A few days ago, I sent Rachel pictures of an intriguing bungalow I’d found in Webster Groves. I thought I’d seen it somewhere before, but she quickly identified it as “Design #122” from Henry L. Wilson’s planbook (published 1907).
Henry L. Wilson was a Chicago architect who self-identified as “The Bungalow Man.” More than a century later, a search of his name brings up a surfeit of reprinted planbook catalogs on Amazon.
Planbooks were a forerunner of kit homes, but were far more popular. Kit homes included blueprints and building materials. Planbooks were blueprints sans building materials, and they became ubiquitous during the Bungalow Craze in early 20th Century America.
During my tour of Webster Groves, I found several kit homes (which I’ll feature in future blogs) and plan book homes, too, but this particular bungalow is a rare beauty and a fun find.

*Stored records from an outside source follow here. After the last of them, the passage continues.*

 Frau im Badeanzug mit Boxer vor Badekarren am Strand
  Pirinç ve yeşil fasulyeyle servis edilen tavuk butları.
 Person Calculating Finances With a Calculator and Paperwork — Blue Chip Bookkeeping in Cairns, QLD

Thanks to Rachel Shoemaker for providing vintage images.
Thanks to Webster Groves for having so many undiscovered treasures! More to come in the following days!
To learn more about why Americans abandoned their fancy Victorians for the simple bungalow, click here.

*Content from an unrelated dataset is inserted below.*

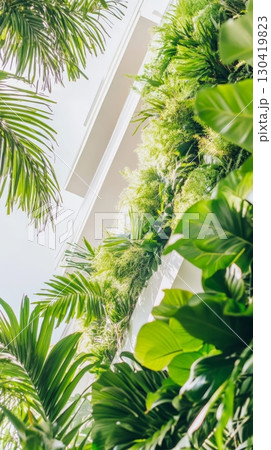 Green plants thriving on the side of a modern white building, enhancing the urban landscape and promoting a sustainable, eco friendly environment through innovative design 130419823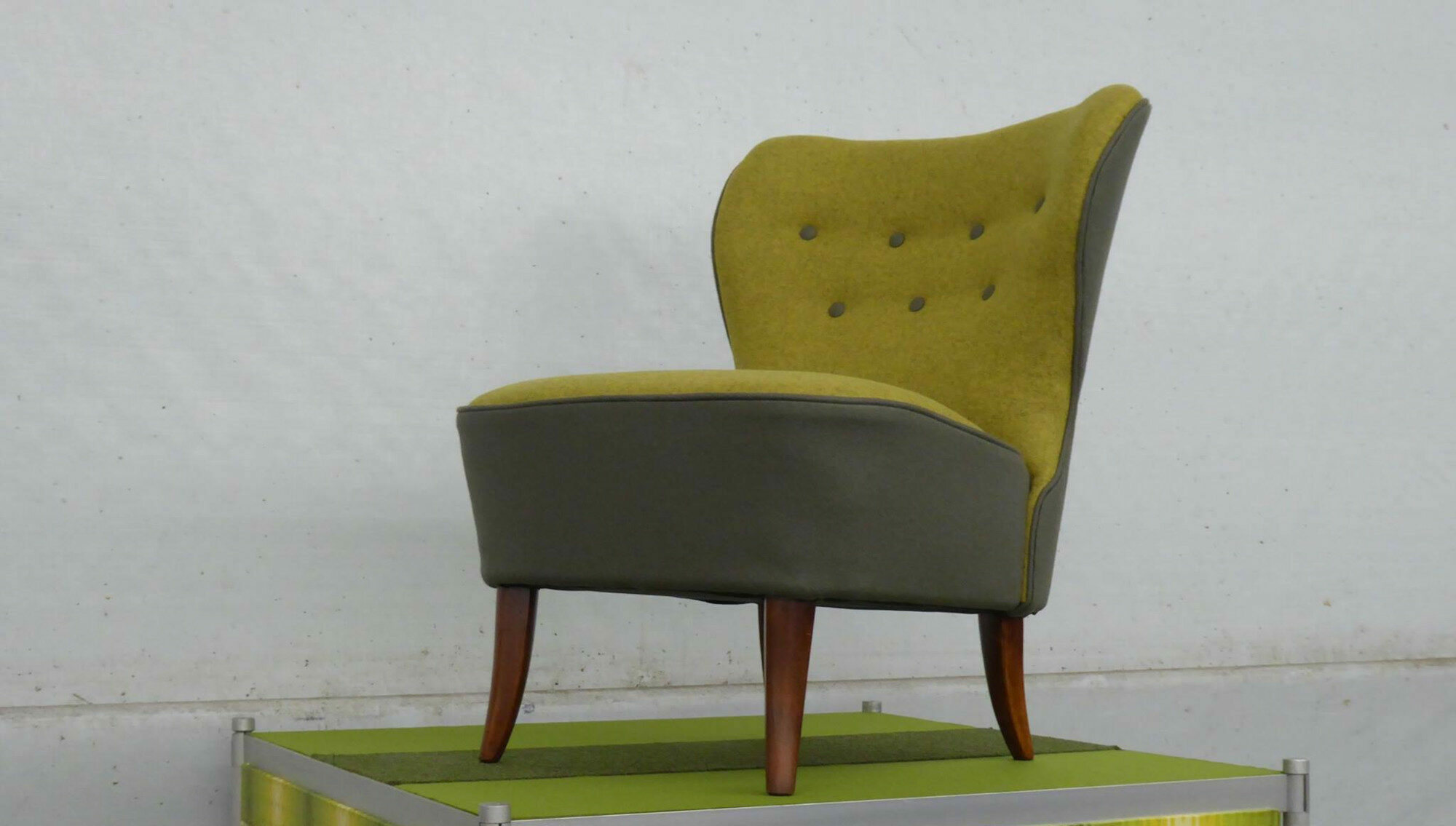 Ein grüner Cocktailsessel auf einem Podest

To read more about Webster Groves, click here.
Well, this is exciting! I can’t wait to see what you’ve found. I walked by a possibility the other day, in WG… Not sure if the size fit any of the usual suspects.

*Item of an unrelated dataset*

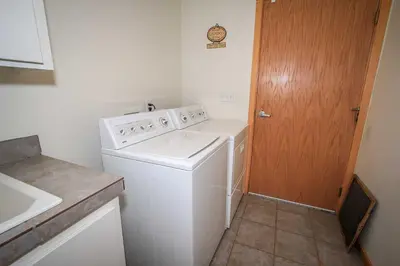 a white washer and dryer in a small kitchen at Can't Bear to Leave-1156 by Big Bear Vacations in Big Bear Lake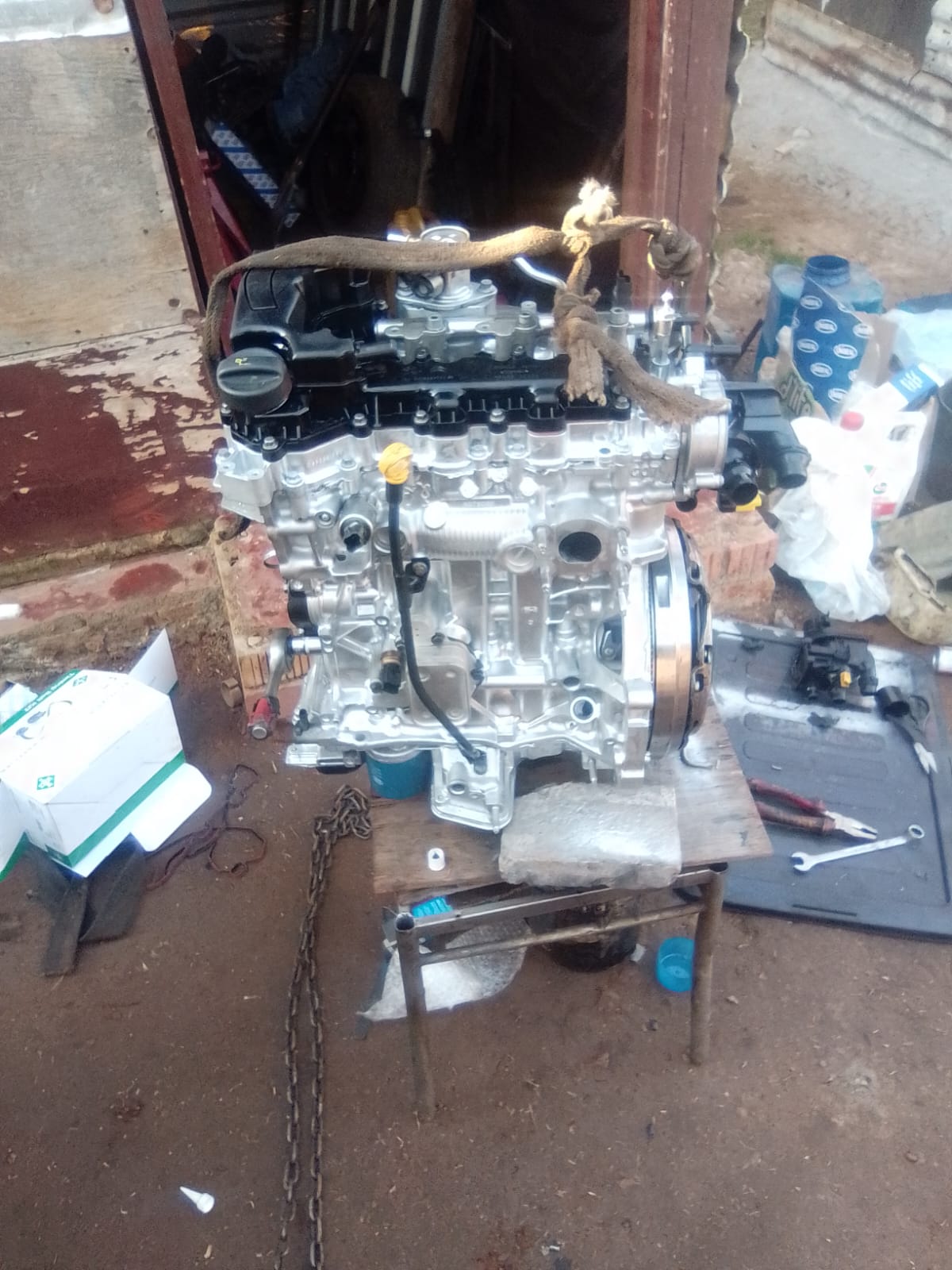 Disassembled car engine on the ground outside a workshop showing internal components and mechanical parts during a rebuild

It will be interesting to see if it’s one of your finds!
I don’t usually focus much on looking for kit homes in Webster Groves, because I had the impression that you had already given it the thorough once-over, so I’m looking forward to the upcoming posts.
Judith, you should send Rosemary a picture of that house you walked by, Rosemary and Rachel are experts at identifying these houses.
They identified a house near mine off Moument Avenue in Richmond by the view on Google maps.
It’s amazing because you could only see a small part of it. It was blocked by a statue of Robert E. Lee.
Thomas, as I recall, you live right on Monument Avenue?
You know, next month my husband and I are taking a tour of the Confederate Museums of the Commonwealth, and we’re going to visit the Capitol of the Confederacy right there in your neck of the woods! We’ll stop by your current home on Monument Avenue and take a picture of you and “Little Sorrell.”
@Thomas Jonathan Jackson
There is a ‘kit’ off of Monument?! Must know which one!